> _What is required_
What is needed is an exact repetition of the lines below, from the first one through the one holding "Camel Düğme Detaylı", with no pictures and nothing else.
=== Begin Enclosure ===
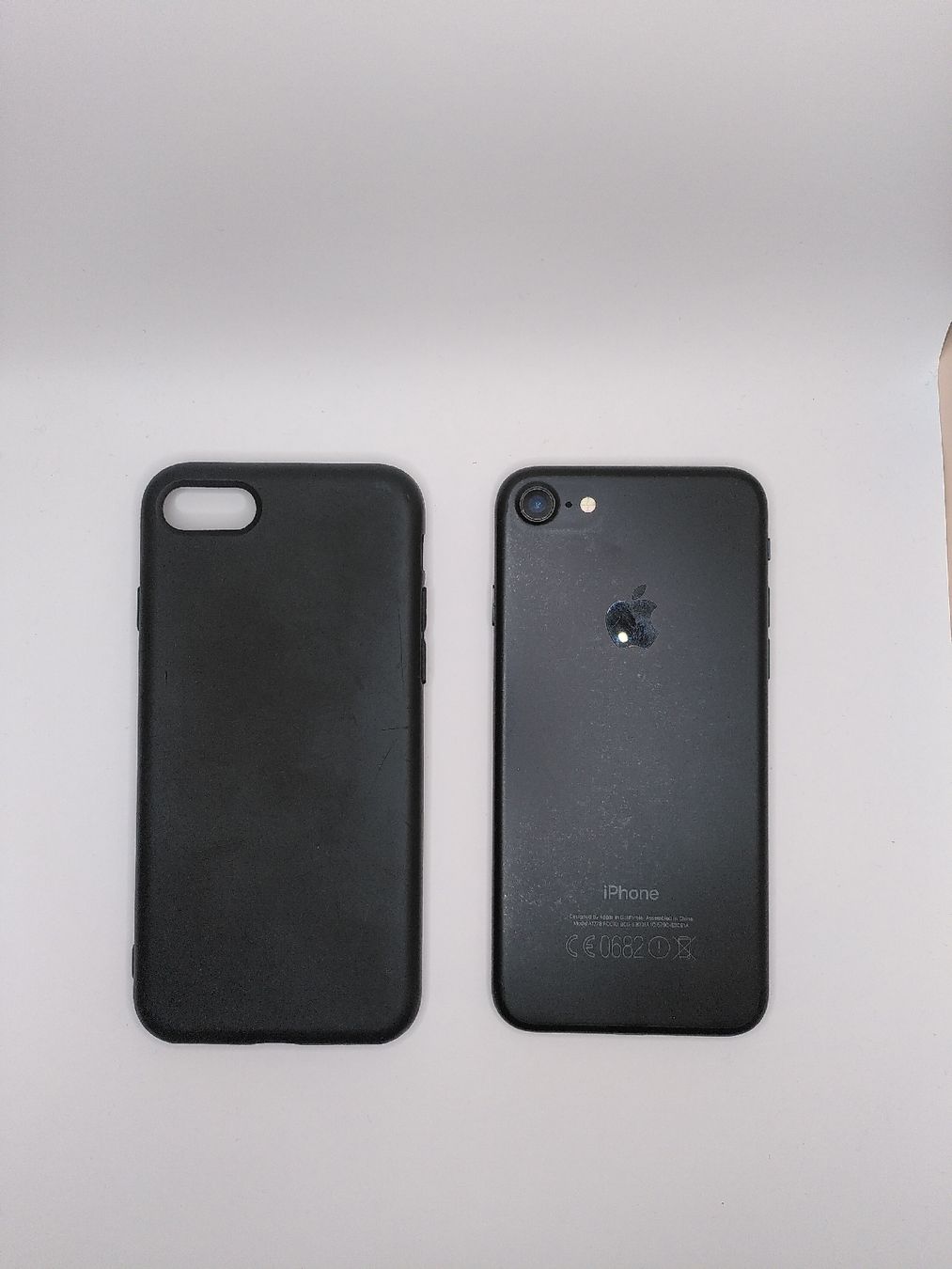 Apple Telefoni cellulari / Smartphones: Apple iPhone 7 schwarz – Usato da Kappel SO venduto da speedy092 2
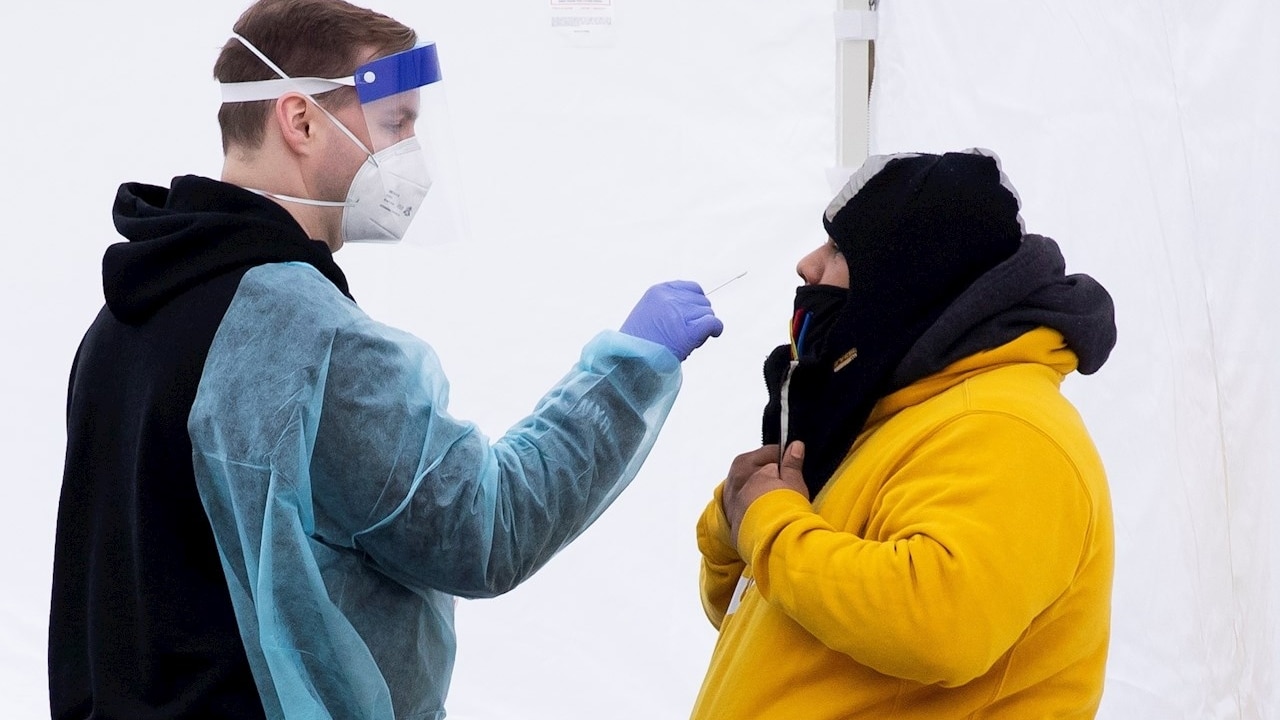 Un enfermero realiza un test para detectar la covid-19 en Washington D.C, Estados Unidos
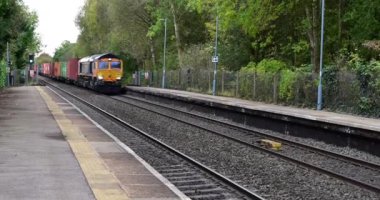 Yük treni malları İngiliz demiryolu hattını eğitir.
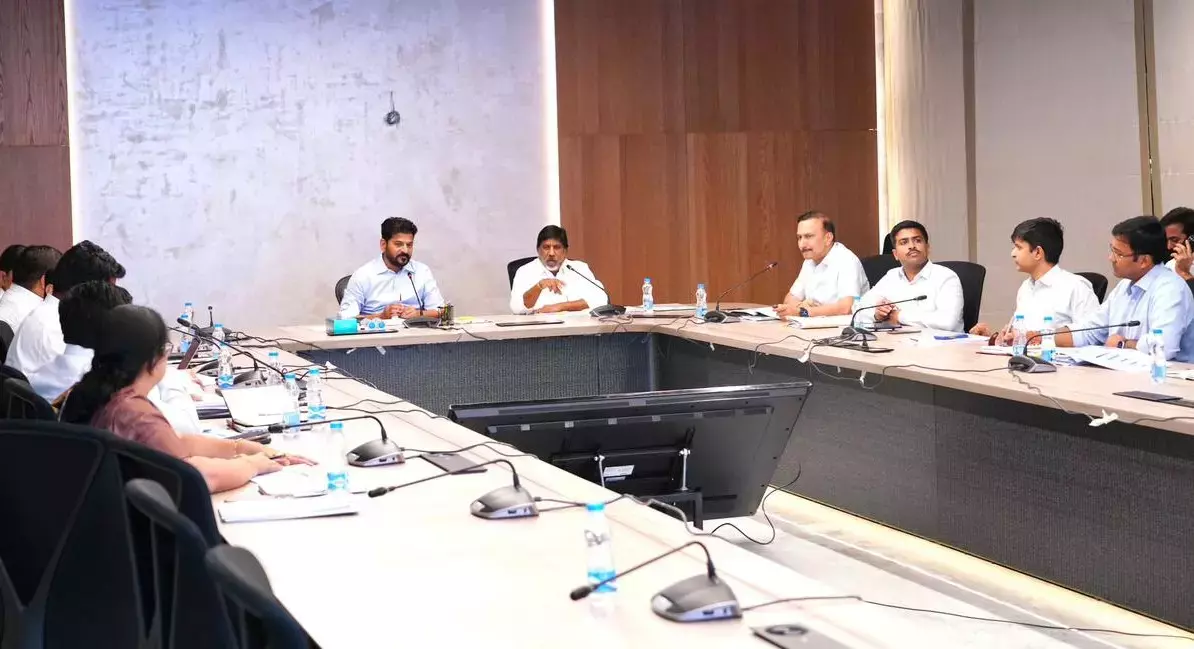 CM रेवंत: बिजली आपूर्ति की कमियों को दूर करें CM रेवंत: बिजली आपूर्ति की कमियों को दूर करें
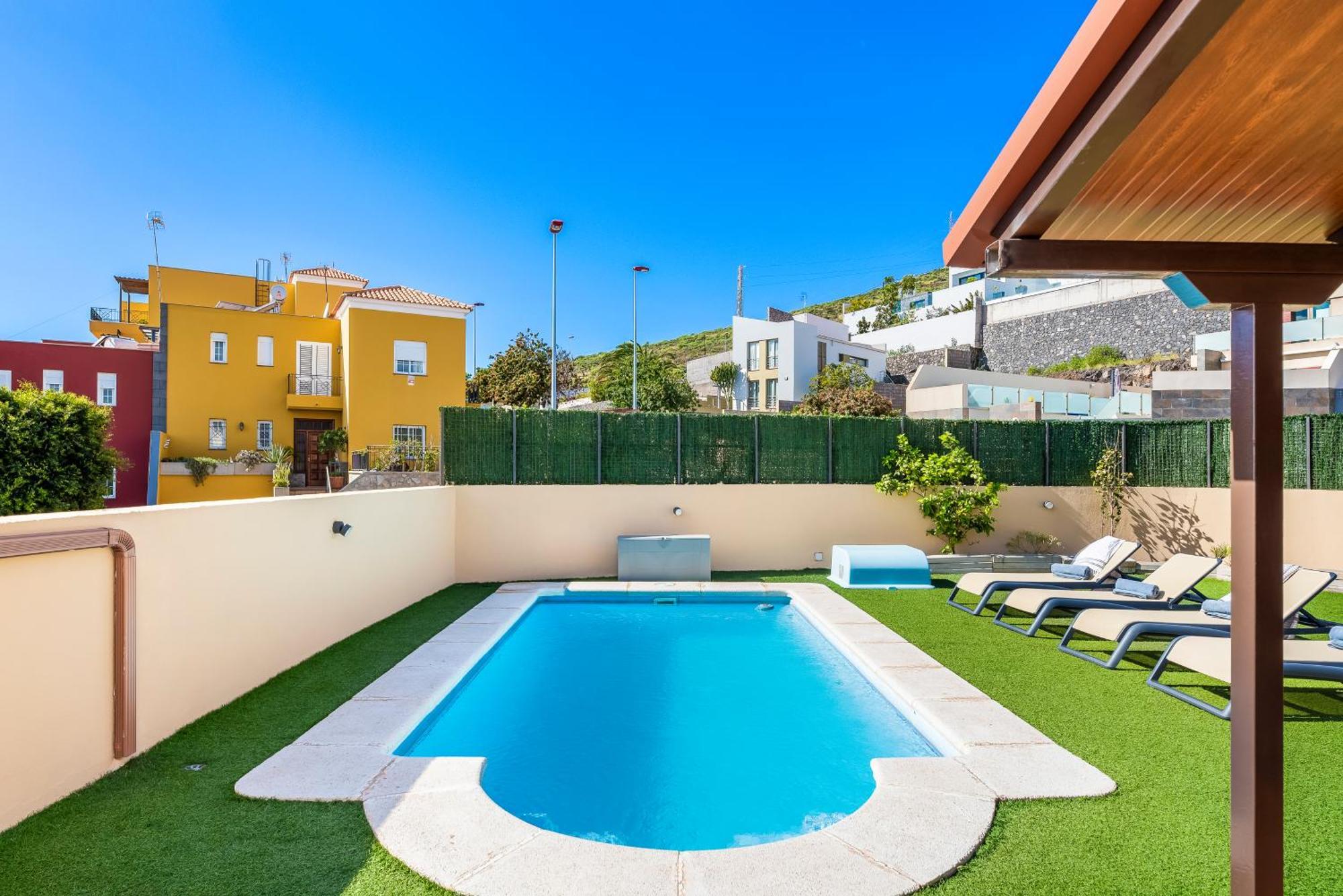 Villa Trueno Refugio De Lujo Con Piscina Climatizada Y Vistas 坎德拉里亚 外观 照片
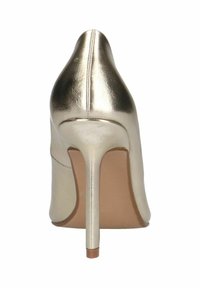 Metalen gouden pumps met een spitse neus, slank design, gladde textuur en een dunne naaldhak. Voorzien van een subtiel naaddetail.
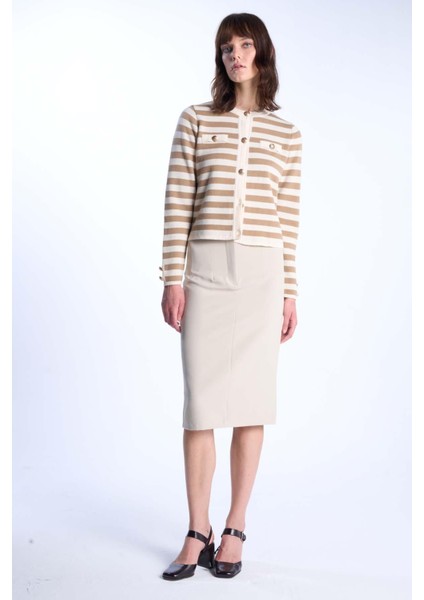 Camel Düğme Detaylı Çizgili Triko Kazak fırsatları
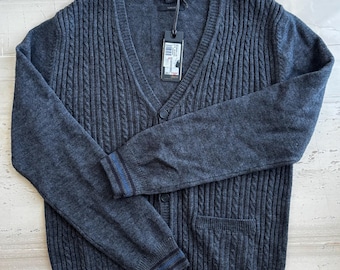 Vintage Zopfstrick-Cardigan aus Wollmischung, ungetragen mit Etikett, anthrazitgrau, Herren-V-Ausschnitt, schmale Passform, Marlboro Classics, hergestellt in Italien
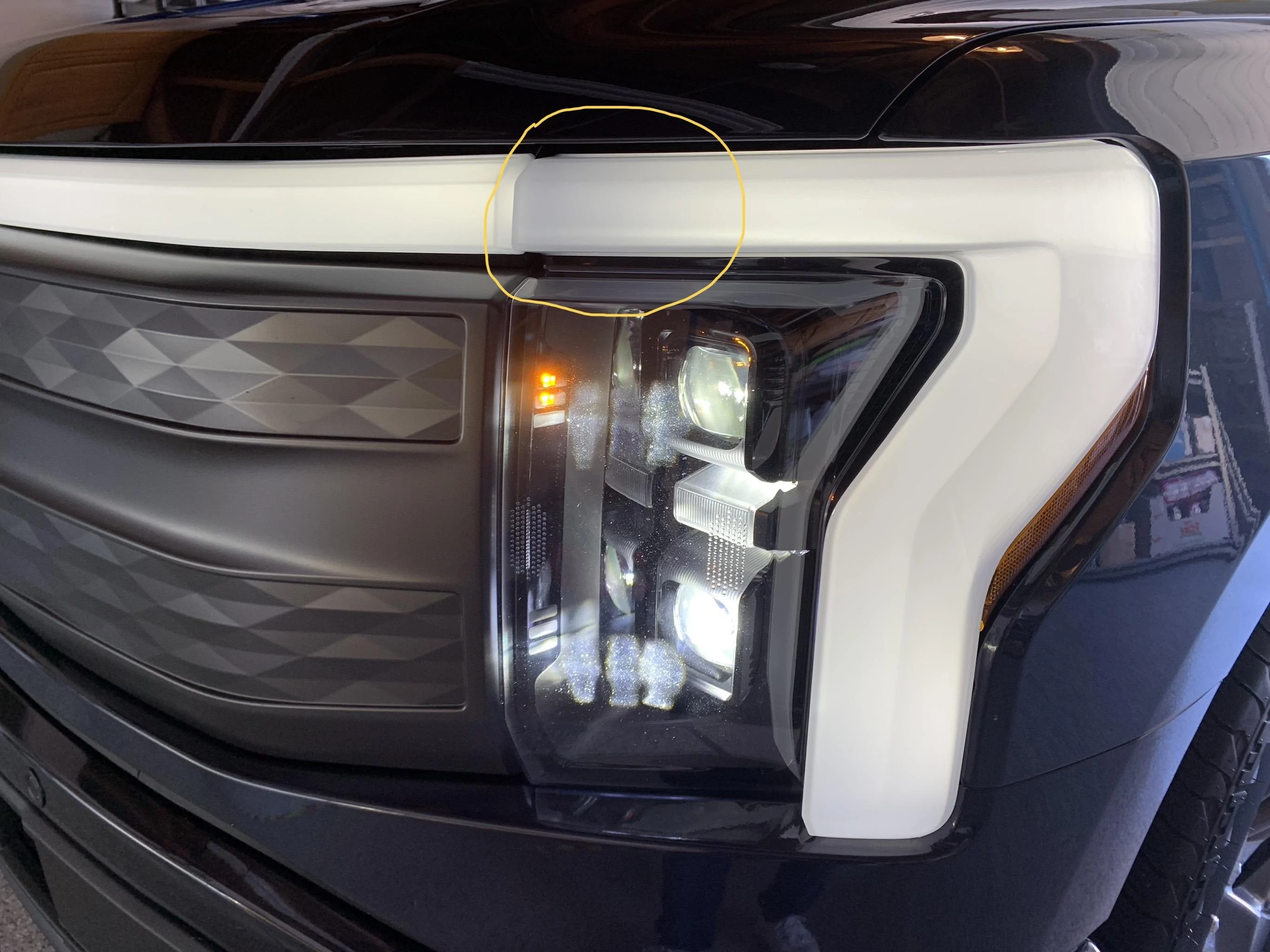 Ford F-150 Lightning Upper light bar has a slightly darken area - issue or normal? IMG_8152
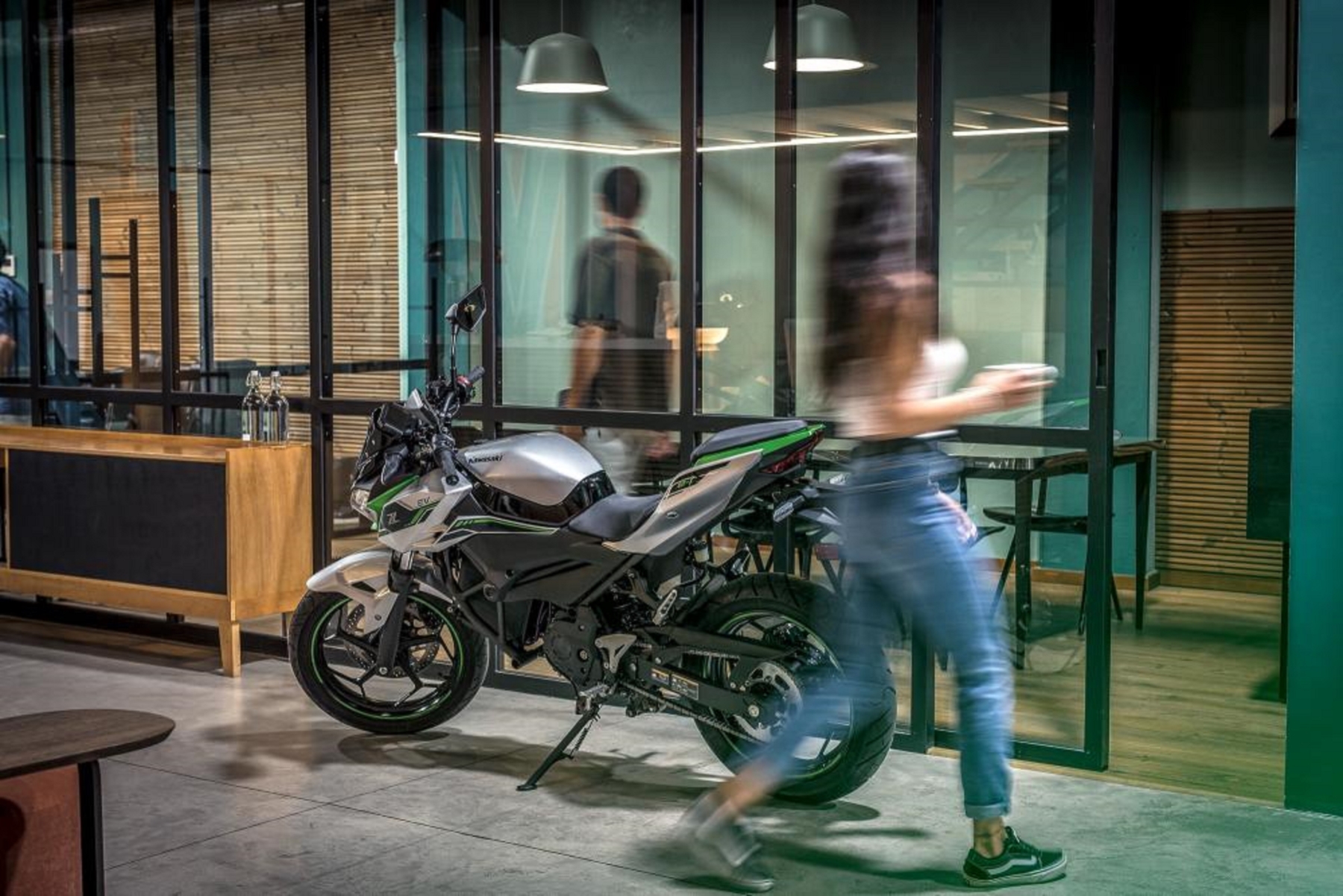 kawasaki z e 1 moto eletrica modelo 2024 prata verde preto de frente estatica no estudio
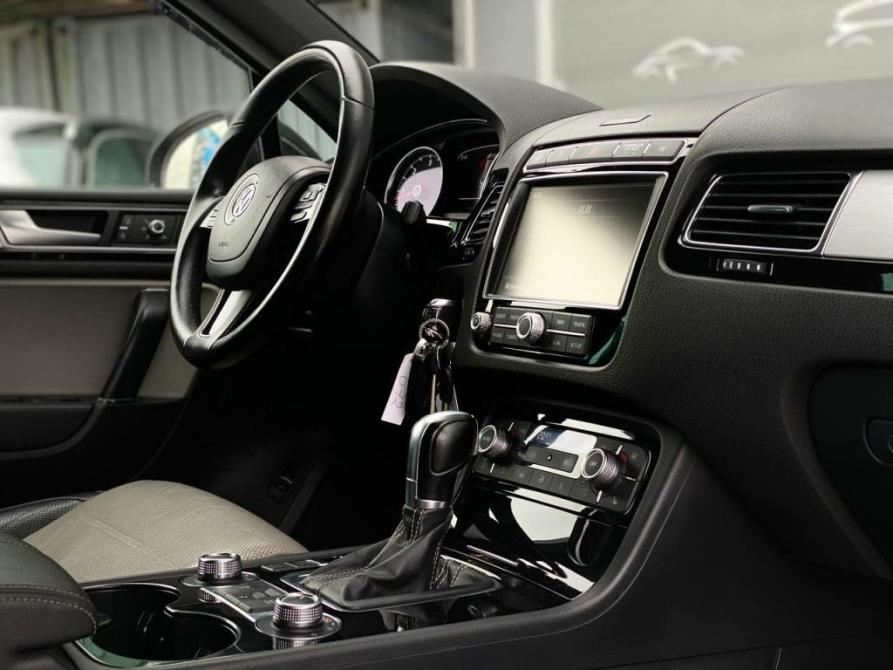 Volkswagen Touareg II Рестайлинг Санкт-Петербург  - изображение 9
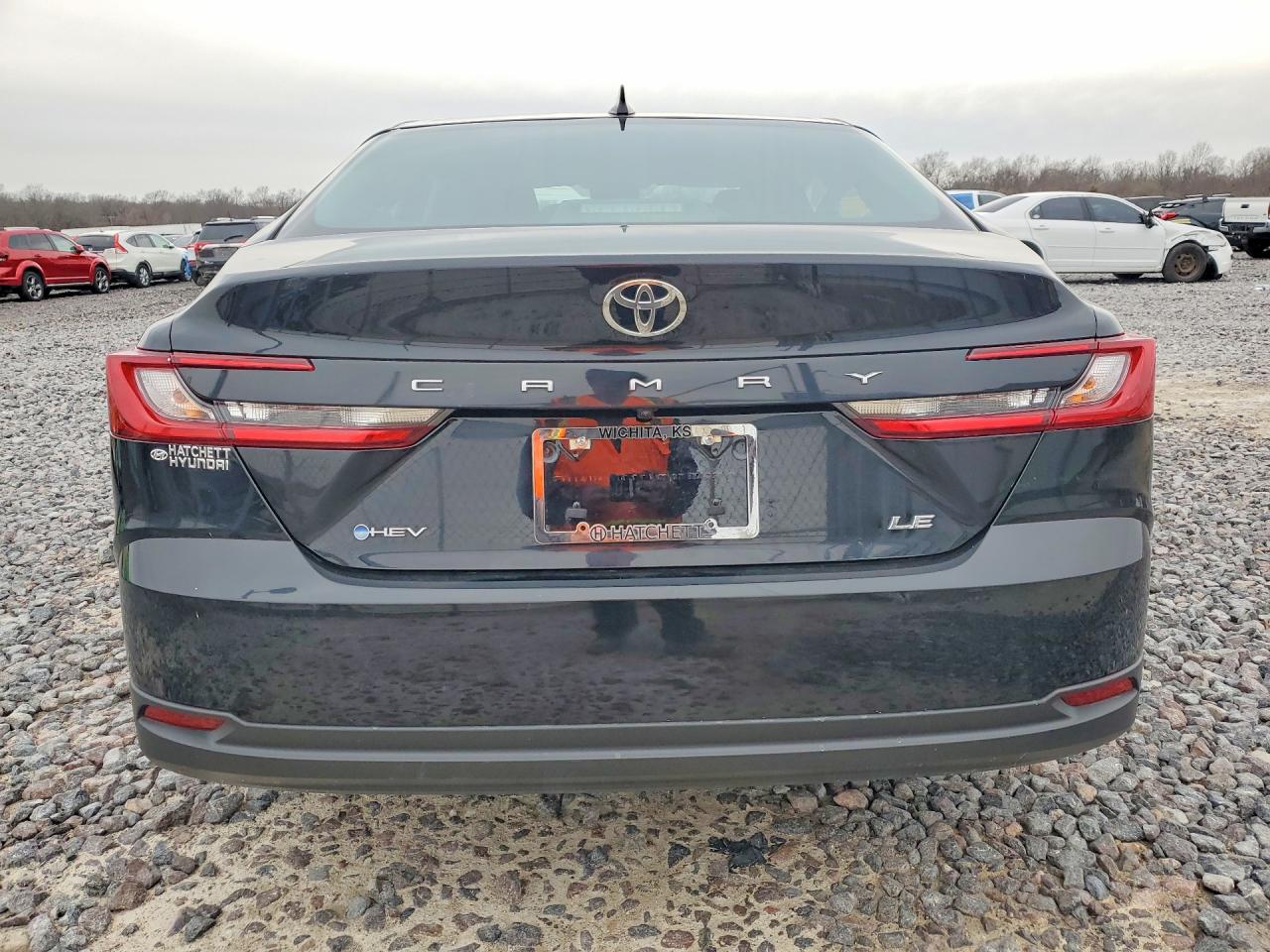 2025 TOYOTA CAMRY LE photo 6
=== End Enclosure ===
> _Output of the exercise_
 Apple Telefoni cellulari / Smartphones: Apple iPhone 7 schwarz – Usato da Kappel SO venduto da speedy092 2
 Un enfermero realiza un test para detectar la covid-19 en Washington D.C, Estados Unidos
 Yük treni malları İngiliz demiryolu hattını eğitir.
 CM रेवंत: बिजली आपूर्ति की कमियों को दूर करें CM रेवंत: बिजली आपूर्ति की कमियों को दूर करें
 Villa Trueno Refugio De Lujo Con Piscina Climatizada Y Vistas 坎德拉里亚 外观 照片
 Metalen gouden pumps met een spitse neus, slank design, gladde textuur en een dunne naaldhak. Voorzien van een subtiel naaddetail.
 Camel Düğme Detaylı Çizgili Triko Kazak fırsatları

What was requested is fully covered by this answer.